Step 3: Differentiate: du/dx = 2x, so du = 2x dx.
Step 4: Substitute: ∫ eᵘ · du = ∫ eᵘ du.
Step 5: Apply the core rule: eᵘ.
Step 6: Substitute back: replace u with x².
Step 7: Add + C.
✅ Answer: e^(x²) + C
Check: Differentiate using the chain rule → e^(x²) · 2x = 2x · e^(x²). ✓
When eˣ Appears with Other Functions — Integration by Parts
Sometimes eˣ appears multiplied by another type of function — like x · eˣ or x² · eˣ. The basic rule alone is not enough for these cases. They require integration by parts.
When applying integration by parts to a product involving eˣ, the LIATE rule tells you to make eˣ the dv choice — because exponential functions come last in the LIATE order and integrate beautifully without changing form. The other function — usually a polynomial — becomes u and simplifies when differentiated.
For example, to integrate x · eˣ:
- Set u = x and dv = eˣ dx.
- Then du = dx and v = eˣ.
- Apply the formula: x · eˣ − ∫ eˣ dx = x · eˣ − eˣ + C = eˣ(x − 1) + C.
The fact that eˣ integrates to itself is what makes it such a natural fit for the dv slot in integration by parts — the v term stays clean and simple throughout the entire calculation.
Common Mistakes When Finding the Antiderivative of eˣ
The rules for eˣ are among the simplest in calculus — but a few specific errors still appear regularly.
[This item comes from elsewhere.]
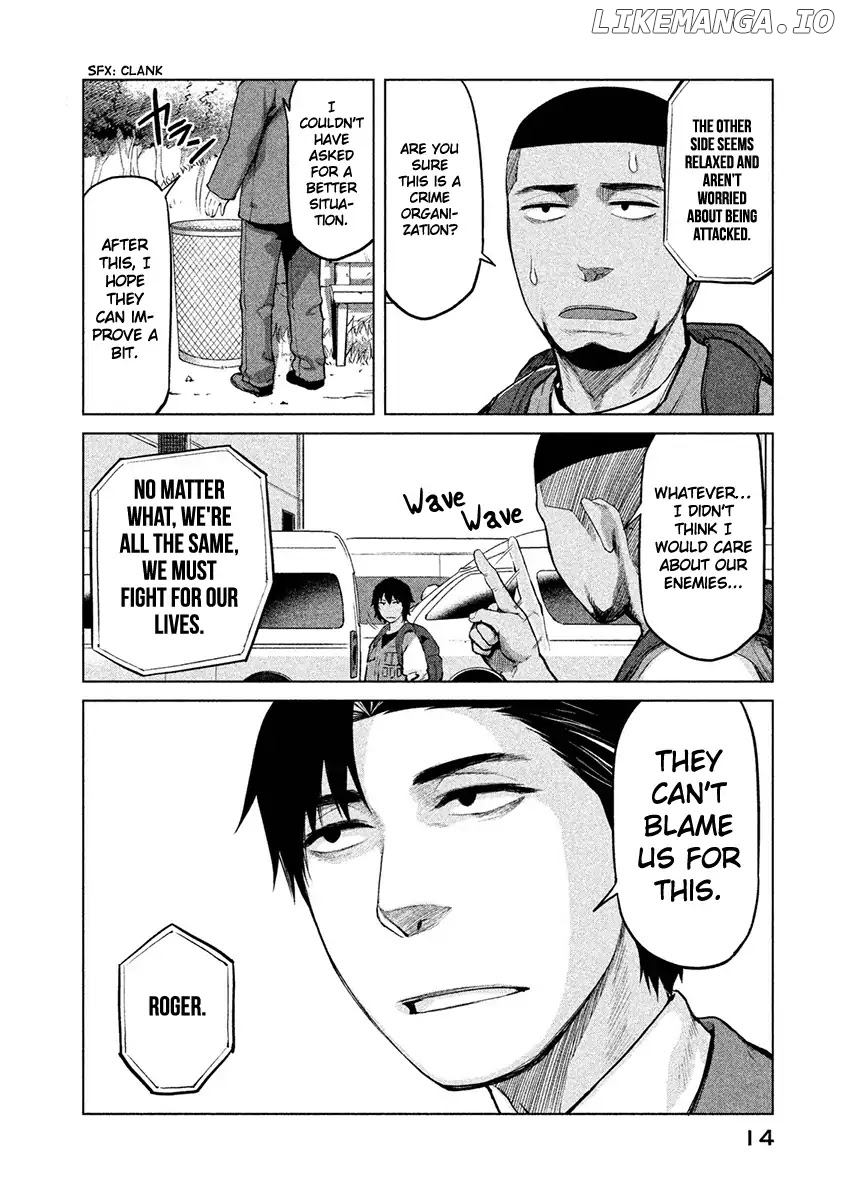 Marginal Operation chapter 24 - page 16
Here is what to watch out for:
- Treating e as a variable instead of a constant: e is a fixed number — approximately 2.718. It is not a variable. The power rule does not apply to eˣ because the variable is in the exponent, not the base. Always use the exponential rule for eˣ.
- Forgetting to divide by the inner coefficient: When integrating e^(ax), you must divide the result by a. Writing e^(3x) + C instead of (1/3)e^(3x) + C is one of the most common errors with this function — especially under exam pressure.
- Applying the power rule to eˣ: The power rule is for xⁿ — a variable base raised to a constant exponent. eˣ has a constant base and a variable exponent. These are completely different structures and require completely different rules. Never apply the power rule to an exponential function.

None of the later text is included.